Postby Katare » 09 Oct 2018 19:57

One can see Pakistan's current economic problem and why SA and China are not willing to help in following analogy...

Lets say Pak economy is a 10 gallon fish tank that needs to maintain certain level of water in it for fishes to survive. The tank has a fresh supply of water from a faucet but also have major leaks (some planned some unauthorized) that add up to more than what the faucet can supply. Net result is that the Paki tank is loosing the water level at alarming rate. To solve this Pakistan goes to its friends/sugar daddies i.e. China and KSA to ask can you please help us by adding a gallon or two of water into my tank, I am close to running out. The Chinese and SA would point out that adding couple of gallon of our water would not help you, at best it would only delay the inevitable for a few months.

There are only two solutions -

1) Add another faucet with continuous supply of water to the tank to stabilize the water level. No one's going to sign up for free dole of those magnitudes for eternity. The fresh supply must come from the tank itself by way of better and sustained tax revenue generations and Rupee depreciation.

2) Fix some of the leaks (subsidies, defense, PSUs) and learn to live with in the means of domestic economy (reduce growth rate to control inflation).

Once the country agrees to these two solutions a bridge loan can be had from multiple sources. Only IMF have the expertise and experience to provide a viable technical program that can stabilize the Paki tank. Not only that IMF also have means and expertise to monitor/guide the execution of the whole thing.

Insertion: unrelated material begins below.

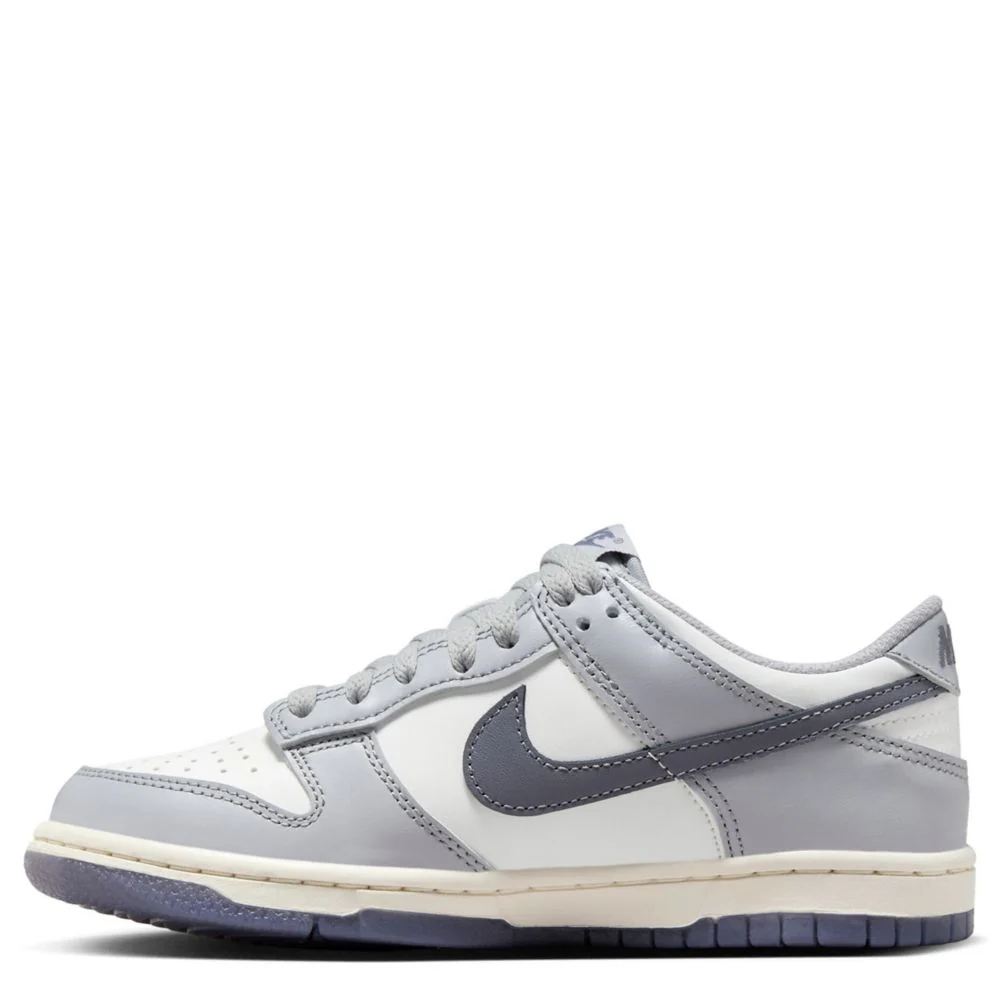 Dunk Low (Big Kid) - Image 3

nam's post above describes the same very clearly and like he said India is the living example of how to do it right. Not to forget that we were in and out of IMF bailouts too until MMS/PVNR showed the true courage to do the right thing. Additional loan is not the solution to Pakistan economy's needs; only way it can come out of the ditch is by implementing a reform package in full measures with honesty. I would bet my precious penny that the tactical brilliance would get the best of Pakistan, as usual.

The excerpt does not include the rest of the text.